When looking for extra storage in a garage or workshop, don’t forget to look up.

Standard wire shelving from the home center makes great overhead shelving between ceiling joists. Fasten the shelves to the underside of the joists using plastic hooks.

Use two hooks facing in opposite directions for extra strength. Fasten each hook with a 1-5/8” screw.

One of the great things about using wire shelves is that you can see right through them to see what is stored, and they don’t collect dust like solid shelves. Using clear plastic containers for storage allows you to easily see what is stored.

You can also use wire shelves to hang tools from hooks made out of wire coat hangers.


  1. I must confess that I like you idea for a couple of reasons.
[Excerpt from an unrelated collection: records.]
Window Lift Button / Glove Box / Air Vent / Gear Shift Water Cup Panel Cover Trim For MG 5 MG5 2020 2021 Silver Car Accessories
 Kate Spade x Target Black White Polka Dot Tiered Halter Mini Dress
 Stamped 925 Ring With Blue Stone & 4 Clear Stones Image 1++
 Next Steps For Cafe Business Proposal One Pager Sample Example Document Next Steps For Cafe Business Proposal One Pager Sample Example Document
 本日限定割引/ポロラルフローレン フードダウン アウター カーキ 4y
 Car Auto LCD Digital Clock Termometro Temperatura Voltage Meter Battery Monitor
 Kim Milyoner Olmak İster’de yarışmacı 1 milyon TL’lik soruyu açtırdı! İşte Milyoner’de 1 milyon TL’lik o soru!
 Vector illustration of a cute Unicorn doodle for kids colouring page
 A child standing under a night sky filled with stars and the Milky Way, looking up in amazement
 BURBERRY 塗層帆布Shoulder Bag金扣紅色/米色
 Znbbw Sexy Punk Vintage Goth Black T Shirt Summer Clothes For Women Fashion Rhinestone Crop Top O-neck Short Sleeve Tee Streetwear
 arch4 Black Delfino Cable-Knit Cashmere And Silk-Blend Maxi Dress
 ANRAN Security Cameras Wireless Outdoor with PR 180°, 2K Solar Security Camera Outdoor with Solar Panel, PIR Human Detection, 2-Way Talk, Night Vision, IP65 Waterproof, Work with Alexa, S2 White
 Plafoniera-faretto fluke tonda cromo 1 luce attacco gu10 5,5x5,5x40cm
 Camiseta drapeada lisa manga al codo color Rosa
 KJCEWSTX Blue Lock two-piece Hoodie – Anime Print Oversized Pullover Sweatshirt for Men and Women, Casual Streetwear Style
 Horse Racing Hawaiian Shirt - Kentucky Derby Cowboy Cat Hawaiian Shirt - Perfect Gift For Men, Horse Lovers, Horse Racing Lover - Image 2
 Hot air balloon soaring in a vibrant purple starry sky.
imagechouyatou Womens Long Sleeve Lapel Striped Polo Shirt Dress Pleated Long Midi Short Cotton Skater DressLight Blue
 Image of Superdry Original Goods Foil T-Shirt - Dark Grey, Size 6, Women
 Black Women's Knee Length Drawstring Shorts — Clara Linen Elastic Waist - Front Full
Normally, we at Gorgeous Garage of East Texas, do not recommend garage ceiling storage due to the tendency of customers to install the products without centering the bolts or screws in the ceiling joist and because they usually overload the garage ceiling baskets over time and end up with sagging joists and cracked ceilings. However, your idea alleviates our concerns. The smaller shelf and the reduced space above it helps to prevent overloading, and of course, if the garage studs and joists are exposed, then attachment should be done properly since one can see through the wire rack readily.

  2. Hey Shain, Glad you liked our overhead shelving idea. As I’m sure you’ve discovered, people are always looking for ways to utilize every square inch of garage space, and we’re just trying to help them out. Thanks for writing and be sure to stay tuned to the tv show and website because we’ve got many more storage ideas to come. Best wishes, Joe T.

  3. Well, there are many ways to attach overhead shelves to a drywall garage ceiling, but here’s one technique that works great: Buy two lengths of perforated angle iron, the kind used to install garage-door openers to the ceiling. It’s basically a long piece of metal bent lengthwise at 90 degrees and perforated along both flanges with holes or slots. Securely screw each angle iron to the ceiling with lag screws, making sure to drive them into joists. Now suspend vertical lengths of wood or metal strapping from the angle irons, and bolt on horizontal supports. You can then attach plywood shelving to the supports.

  4. I had wire shelving in my previous kitchen and absolutely hated them! Everything that was not wide enough to simply span 3 wires had a tendency to tumble over if not based properly. And, when something did spill, it went all the way to the ground…making everything underneath it dirty and sticky on the way down! When we built our overflow kitchen in the cellar, we set up wood shelving…I Love them and, when we get to it, our new corner pantry will probably also have wood shelving.

  5. Hi Jonah, I love that term, “overflow kitchen.” My mom had three of them. In any case, I know exactly what you’re talking about re: wire shelving. Stored items always tip over or fall through, and clothing gets imprinted with the wire pattern. The best solution is to simply cover the shelving with thin plywood, Plexiglas, or even cardboard. That not only creates a flat, hard surface, but it also keeps dust and dirt from falling through. Thanks for writing and good luck!–Joe T.